Le espressioni “la fecondità della Chiesa dipende dalla Croce“, e “la maternità di Maria nasce sotto la Croce“, pronunciate dal Papa durante l’omelia, davanti a cinquemila persone, riportate poi dal Vatican News e ampiamente diffuse sui social, ci hanno fatto rabbrividire. L’abbiamo lette per caso quelle parole che nella loro apparente “solennità cristiana” contengono la simbologia inquietante che da secoli ci vorrebbe schiacciate ad un angolo e a cui, nonostante i millenni, non ci adattiamo. Anche se a pronunciarle è il capo di una chiesa, dal quale non ci aspettiamo nulla perché è emblema di quello stesso potere che ha spazzato via con violenze inaudite intere culture ben più attrezzate spiritualmente.
Agostino, il teologo fatto santo e diventato capostipite dell’ordine a cui appartiene questo papa, ne Le Confessioni e La Città di Dio, manifesta un totale disprezzo verso il corpo e la sessualità, in particolare quella femminile, ritenuta spesso occasione di peccato e disordine. La donna viene considerata subordinata all’uomo, sia sul piano dell’ordine naturale sia su quello spirituale. La sua funzione simbolica è ammessa solo nella misura in cui è assorbita in un ordine superiore, uno a caso: quello maschile.

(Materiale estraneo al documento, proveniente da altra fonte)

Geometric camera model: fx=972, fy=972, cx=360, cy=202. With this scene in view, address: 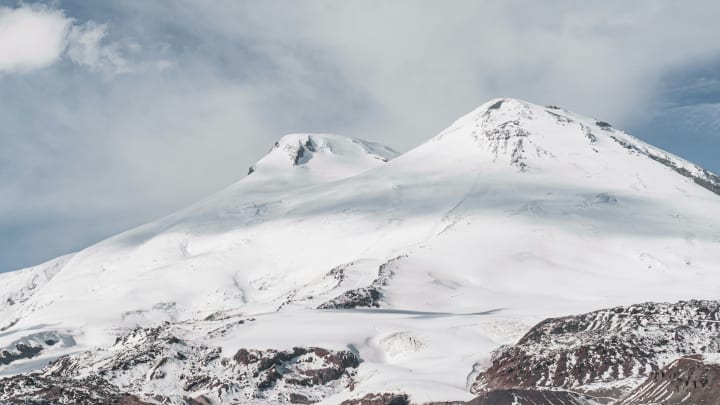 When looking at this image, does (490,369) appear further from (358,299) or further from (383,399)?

L’uso del corpo femminile, e in particolare della sua capacità generativa, diventa, nella frase pronunciata dal papa, metafora per rappresentare la Chiesa, senza riconoscimento alcuno della soggettività e del significato autonomo del femminile, rivelando la solita appropriazione indebita che si ripete nella storia delle religioni e delle culture patriarcali.
Mary Daly, scriveva che gran parte del linguaggio teologico tradizionale si costruisce su una struttura gerarchica in cui il femminile viene evocato solo in funzione di un ordine maschile dominante, fungendo da recipiente passivo per narrazioni che escludono la donna reale. Allo stesso modo, la metafora della Chiesa come “sposa” o “madre” – centrale nella simbologia cristiana – attinge al potere simbolico del corpo femminile, senza però metterlo in relazione con l’esperienza concreta delle donne né riconoscerne la portata spirituale originaria.
Questa operazione richiama anche ciò che Marija Gimbutas ha definito il “rovesciamento patriarcale” delle culture neolitiche e preindoeuropee, in cui le divinità femminili, custodi dei cicli vitali e cosmici, sono state progressivamente svuotate del loro significato sacro e sostituite da pantheon maschili legati alla guerra, al dominio e alla morte. La Dea non scompare: viene assorbita, frammentata, esautorata del suo potere.
Come nella mitologia greca, dove la sovranità delle grandi Madri arcaiche viene trasferita a divinità maschili che ne utilizzano i simboli (lo scudo, il serpente, il grembo) per affermare la propria egemonia, anche nella narrazione cristiana il femminile viene evocato solo come riflesso, mai come origine pienamente riconosciuta.
In questa prospettiva, la “fecondità” della Chiesa, che si dice dipendere dalla Croce, è un’espressione della stessa dinamica di appropriazione: si utilizza un’immagine di potenza profondamente femminile per parlare del mistero cristiano, ma lo si fa senza interrogarsi sul femminile stesso, riducendolo a pura funzione simbolica a servizio di una narrazione ancora una volta centrata sull’elemento maschile – il sacrificio, la morte, la redenzione operata da un Dio-uomo. Si mantiene la forma del sacro femminile, ma si cancella la sua sostanza.
Insomma nulla cambia sotto la Cupola. Anzi, Omnia manent ut erant.